Histogrammar is a Python package that allows you to make histograms from numpy arrays, and pandas and spark dataframes. (There is also a scala backend for Histogrammar.)
This basic tutorial shows how to:
Enjoy!
%%capture
# install histogrammar (if not installed yet)
import sys
!"{sys.executable}" -m pip install histogrammar
import histogrammar as hg
import pandas as pd
import numpy as np
import matplotlib
Let's first load some data!
# open a pandas dataframe for use below
from histogrammar import resources
df = pd.read_csv(resources.data("test.csv.gz"), parse_dates=["date"])
df.head()
Histogrammar treats histograms as objects. You will see this has various advantages.
Let's fill a simple histogram with a numpy array.
# this creates a histogram with 100 even-sized bins in the (closed) range [-5, 5]

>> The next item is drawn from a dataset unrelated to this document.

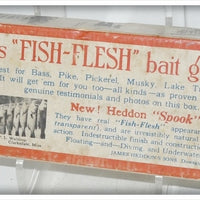 Vintage Heddon Silver Herring Kingfish Vamp Spook Lure Box KF9759SH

hist1 = hg.Bin(num=100, low=-5, high=5)
# filling it with one data point:
hist1.fill(0.5)
hist1.entries
# filling the histogram with an array:
hist1.fill.numpy(np.random.normal(size=10000))
hist1.entries
# let's plot it
hist1.plot.matplotlib();
# Alternatively, you can call this to make the same histogram:
# hist1 = hg.Histogram(num=100, low=-5, high=5)
Histogrammar also supports open-ended histograms, which are sparsely represented. Open-ended histograms are used when you have a distribution of known scale (bin width) but unknown domain (lowest and highest bin index). Bins in a sparse histogram only get created and filled if the corresponding data points are encountered.
A sparse histogram has a binWidth
, and optionally an origin
parameter. The origin
is the left edge of the bin whose index is 0 and is set to 0.0 by default. Sparse histograms are nice if you don't want to restrict the range, for example for tracking data distributions over time, which may have large, sudden outliers.
hist2 = hg.SparselyBin(binWidth=10, origin=0)
hist2.fill.numpy(df['age'].values)
hist2.plot.matplotlib();
# Alternatively, you can call this to make the same histogram:
# hist2 = hg.SparselyHistogram(binWidth=10)
Let's make the same 1d (sparse) histogram directly from a (pandas) dataframe.
hist3 = hg.SparselyBin(binWidth=10, origin=0, quantity='age')
hist3.fill.numpy(df)
hist3.plot.matplotlib();
When importing histogrammar, pandas (and spark) dataframes get extra functions to create histograms that all start with "hg_". For example: hg_Bin or hg_SparselyBin. Note that the column "age" is picked by setting quantity="age", and also that the filling step is done automatically.
# Alternatively, do:
hist3 = df.hg_SparselyBin(binWidth=10, origin=0, quantity='age')
# ... where hist3 automatically picks up column age from the dataframe,
# ... and does not need to be filled by calling fill.numpy() explicitly.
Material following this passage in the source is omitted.